Cette analyse de la qualité des émissions, qui devrait idéalement se déployer sur l’ensemble du programme, est totalement hors de notre portée, et … n’est pas de notre responsabilité. On peut se douter, d’ailleurs, qu’un collège de professionnels au jugement assez indépendant et dotés de recul, livre actuellement à un coût bien plus raisonnable le rapport interne dont la Direction a besoin et qu’elle juge probablement suffisante On voit le résultat, ou plutôt on l’entend.
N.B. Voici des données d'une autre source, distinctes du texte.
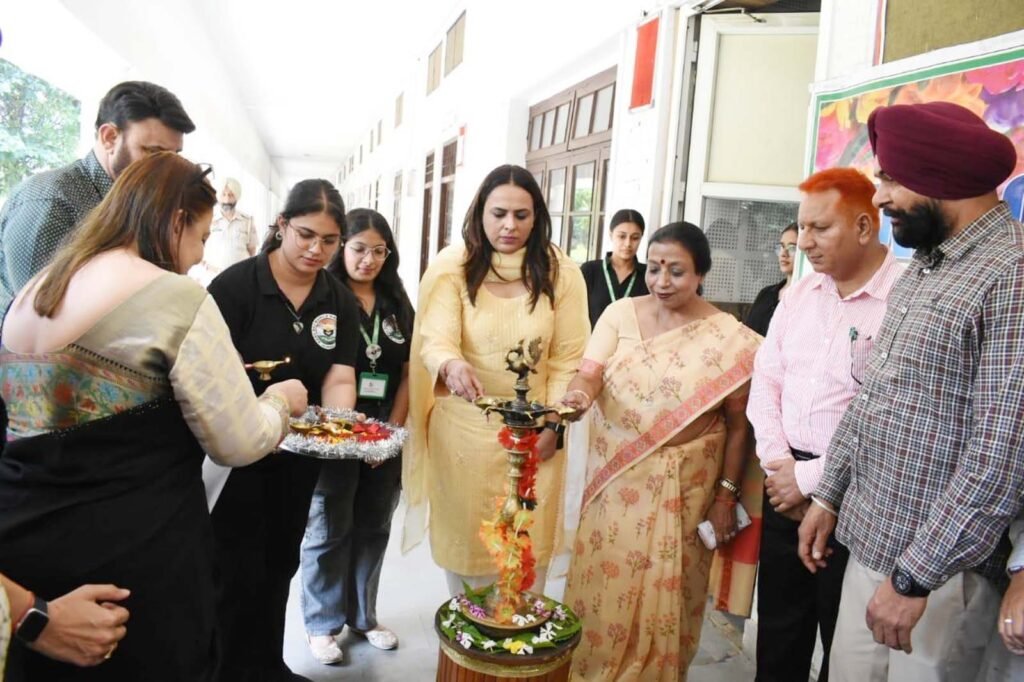 Jalandhar News : प्लास्टिक पर रोक : डिप्टी कमिश्नर ने वैकल्पिक उपाय अपनाने पर दिया जोर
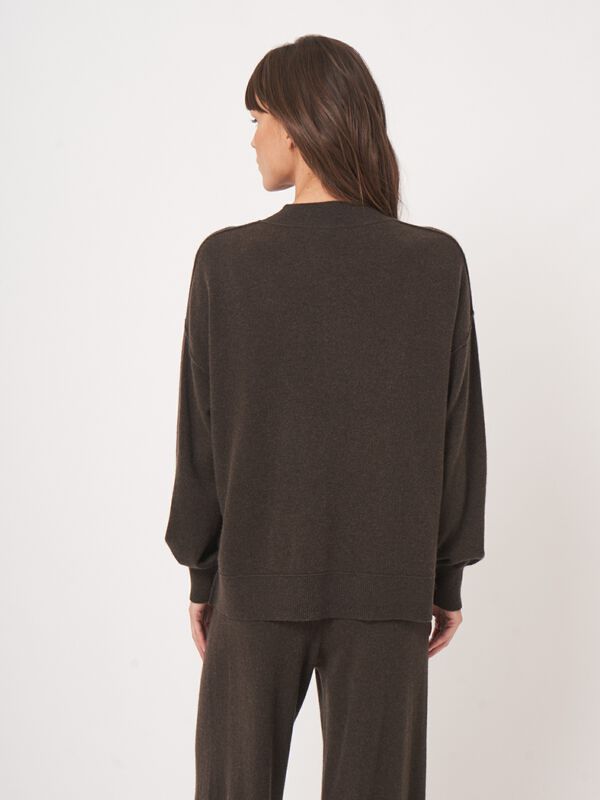 Oversized-Kaschmirpullover mit Stehkragen image number 6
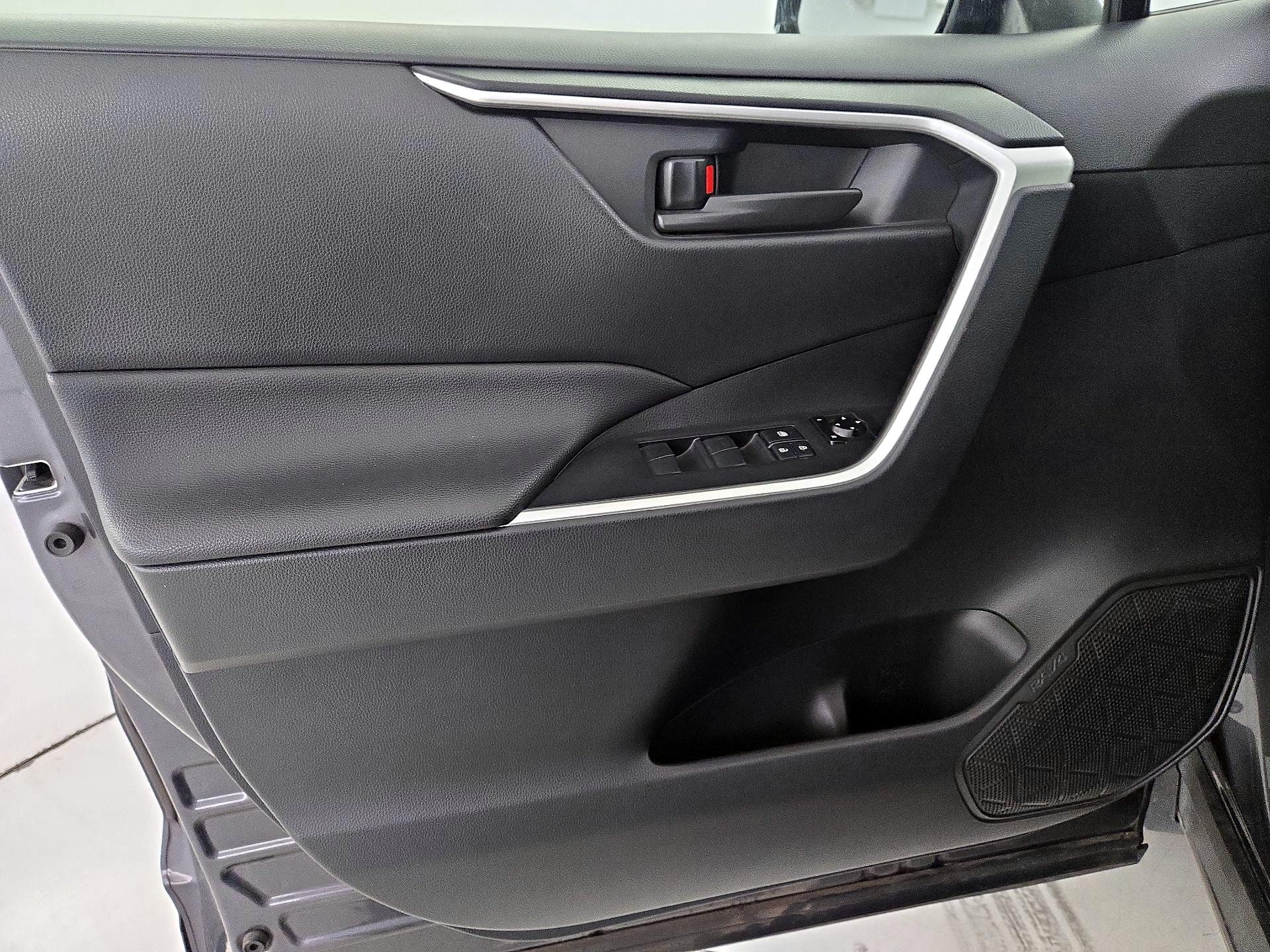 Thumbnail: 2019 Toyota RAV4 - 12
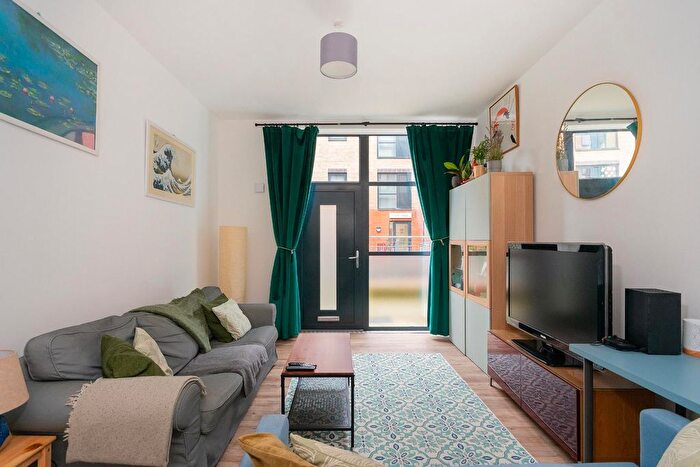 1 Bedroom Flat For Sale In Bullard Close, Stokes Croft, BS6
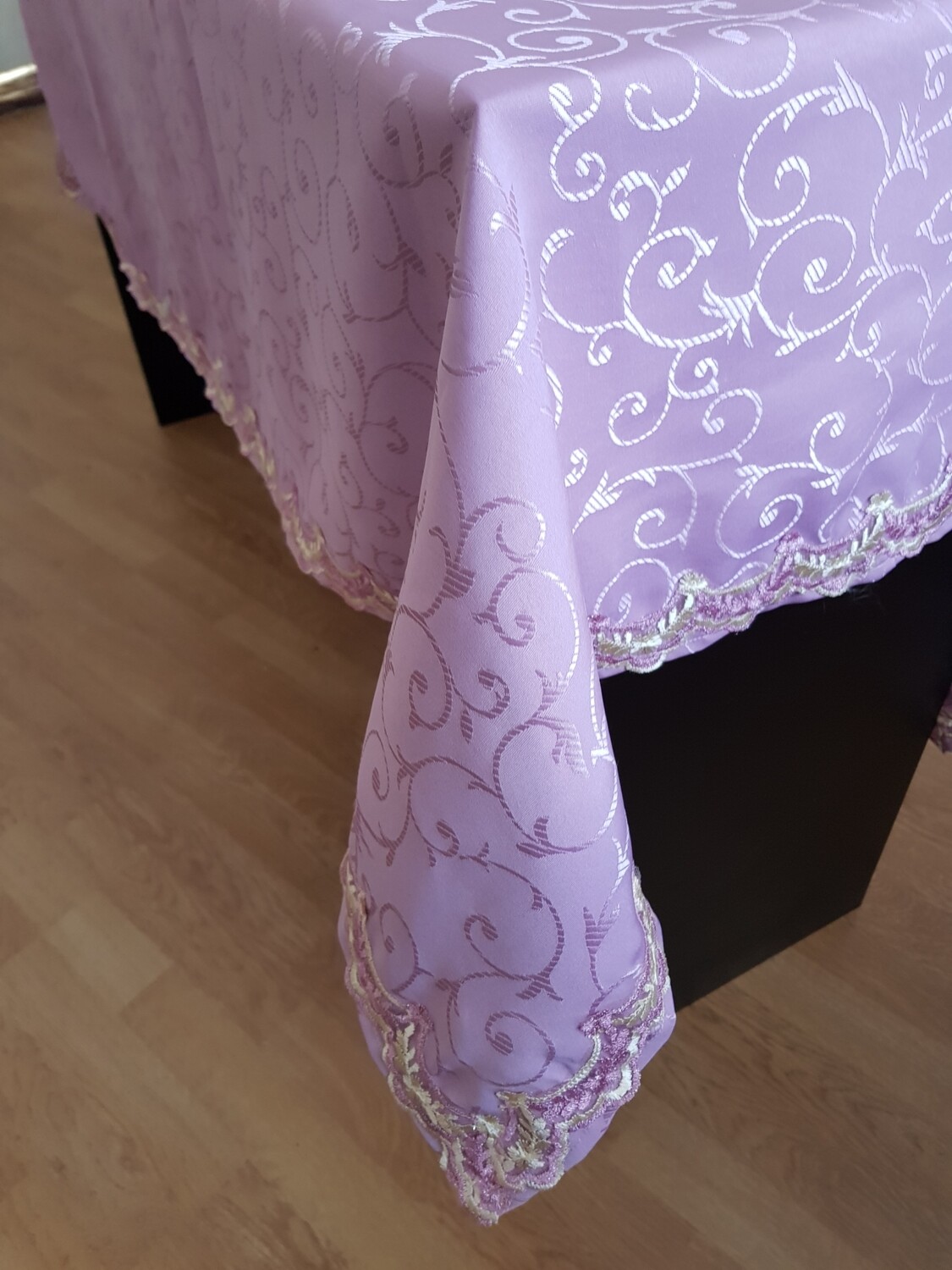 Fata masa 140x240 cm cu  dantela brodata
J’en viens au problème soulevé par quelques uns dans ce blog : pour nous, à l’écoute de FC, il y a franchement quelque chose qui cloche. Le seul fait qu’on nous conteste ici le droit de le dire n’a strictement aucun sens, sinon qu’on se refuse à seulement poser la question. Ce qui d’ailleurs se comprend, ne serait-ce que pour des raisons de coût et de complexité, mais aussi de confort interne. Une analyse de contenu, sérieuse et étayée, de ce que livre le programme, ne saurait donner qu’une réponse à la question posée. Je crois que tout ce que nous pouvons faire, c’est de sonner le tocsin pour la nécessité d’une telle étude, et de proposer les catégories qui, selon nous, en seraient les plus pertinentes.

En clair, nous ne pouvons que fournir des éléments pour une étude exploratoire du programme à fins de répondre à certaines questions fondamentales quoique toutes simples.